[Opening Record extracts section]
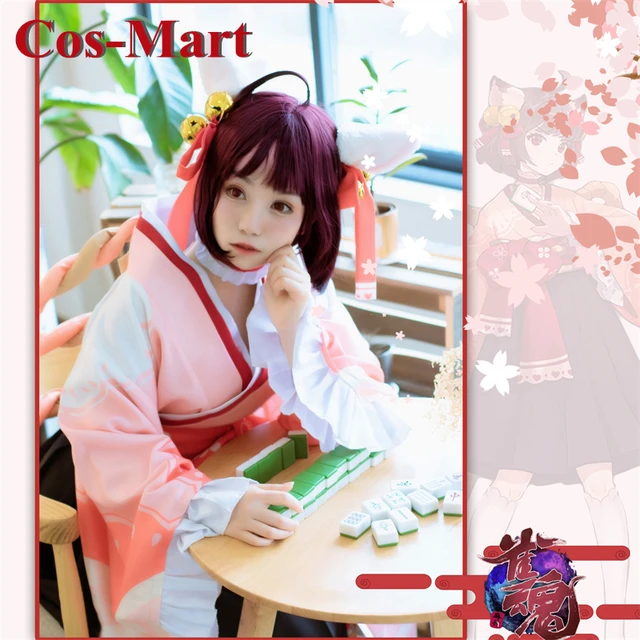 Mahjong Soul [Especially Illustrated] Ichi-hime China Dress Ver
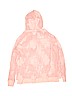 Art Class 100% Cotton Pink Pullover Hoodie Size 14 - 16 - photo 2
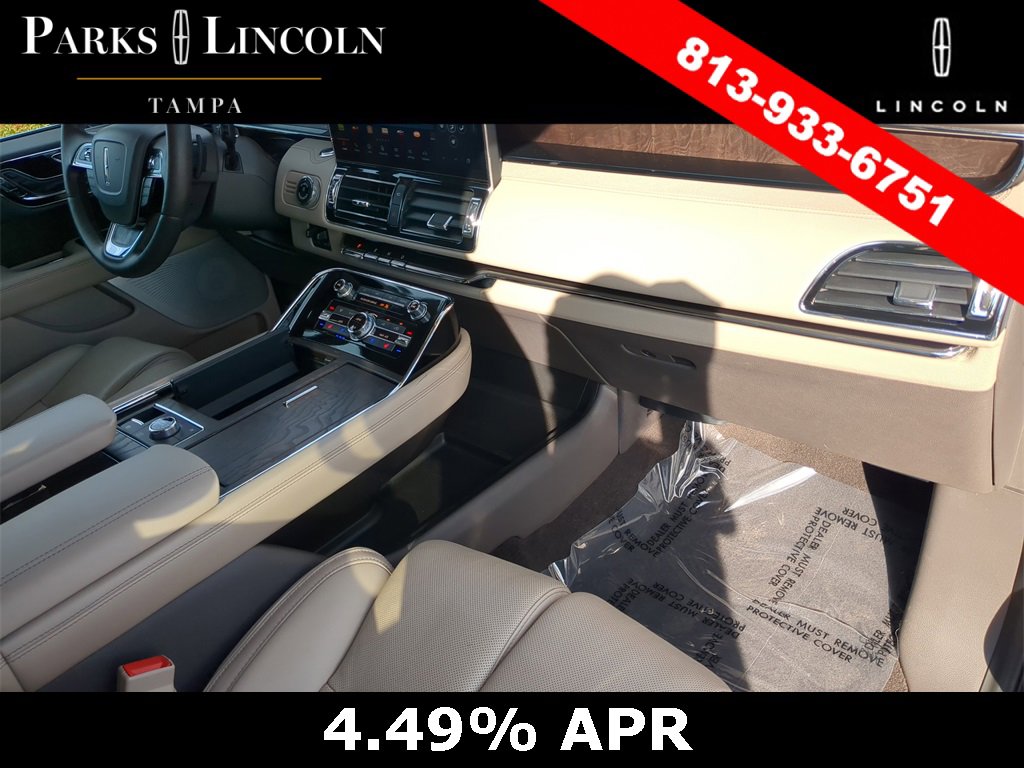 Certified 2022 Lincoln Navigator Reserve image 10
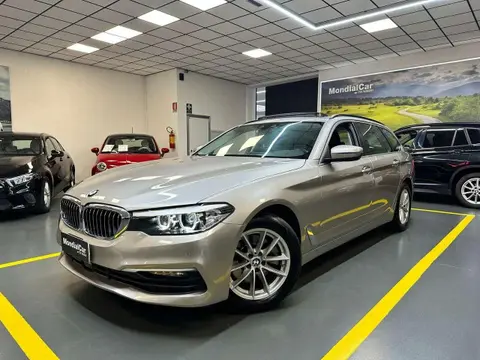 Used BMW SERIE 5 Diesel 2019 Ad 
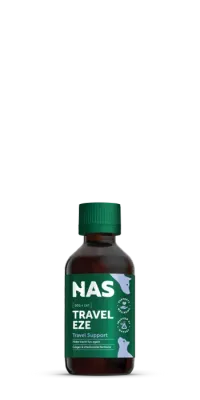 Natural Animal Solutions Traveleze  -  15 ml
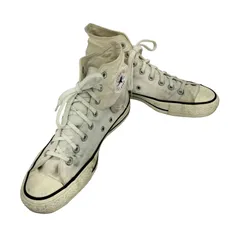 コンバースオールスター CONVERSE ALLSTAR レースアップ ハイカットスニーカー メンズ  9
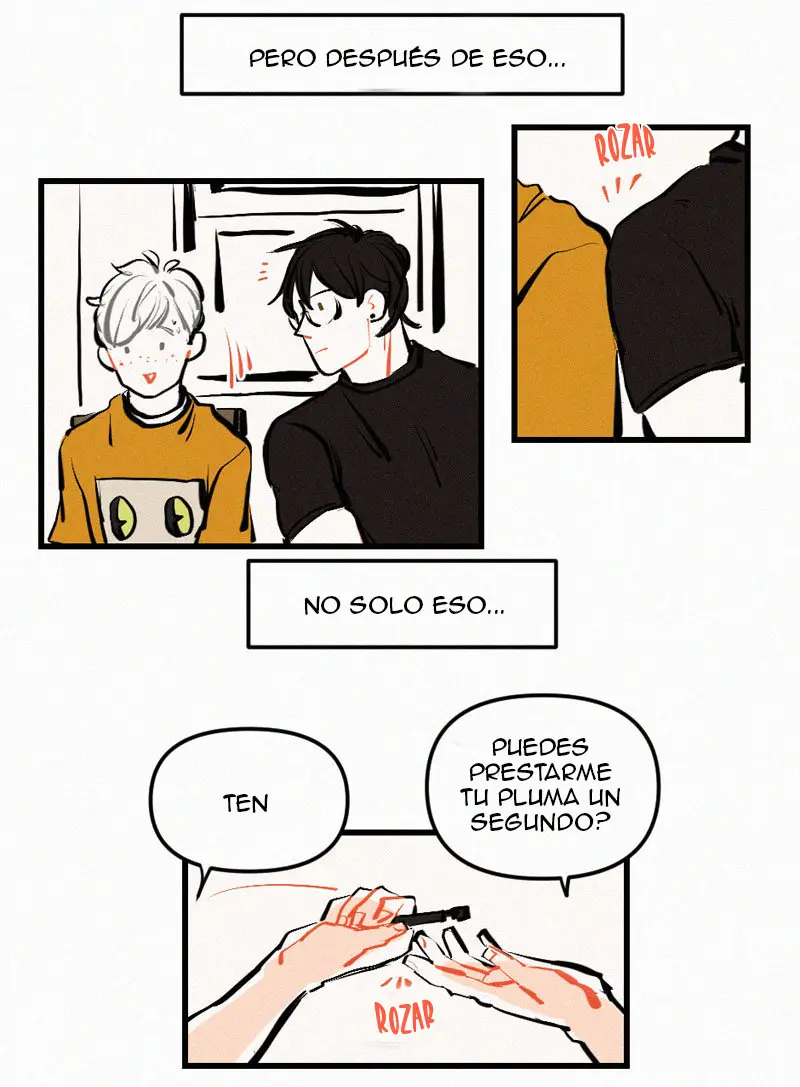 BOOKEEPER - Capítulo 46 - Página 5 - LectorTMOo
[Closing Record extracts section]
**Exercise**:
Would you transcribe all of the entries above exactly, minus the images?

**Exercise output**:
 Mahjong Soul [Especially Illustrated] Ichi-hime China Dress Ver
 Art Class 100% Cotton Pink Pullover Hoodie Size 14 - 16 - photo 2
 Certified 2022 Lincoln Navigator Reserve image 10
 Used BMW SERIE 5 Diesel 2019 Ad 
 Natural Animal Solutions Traveleze  -  15 ml
 コンバースオールスター CONVERSE ALLSTAR レースアップ ハイカットスニーカー メンズ  9
 BOOKEEPER - Capítulo 46 - Página 5 - LectorTMOo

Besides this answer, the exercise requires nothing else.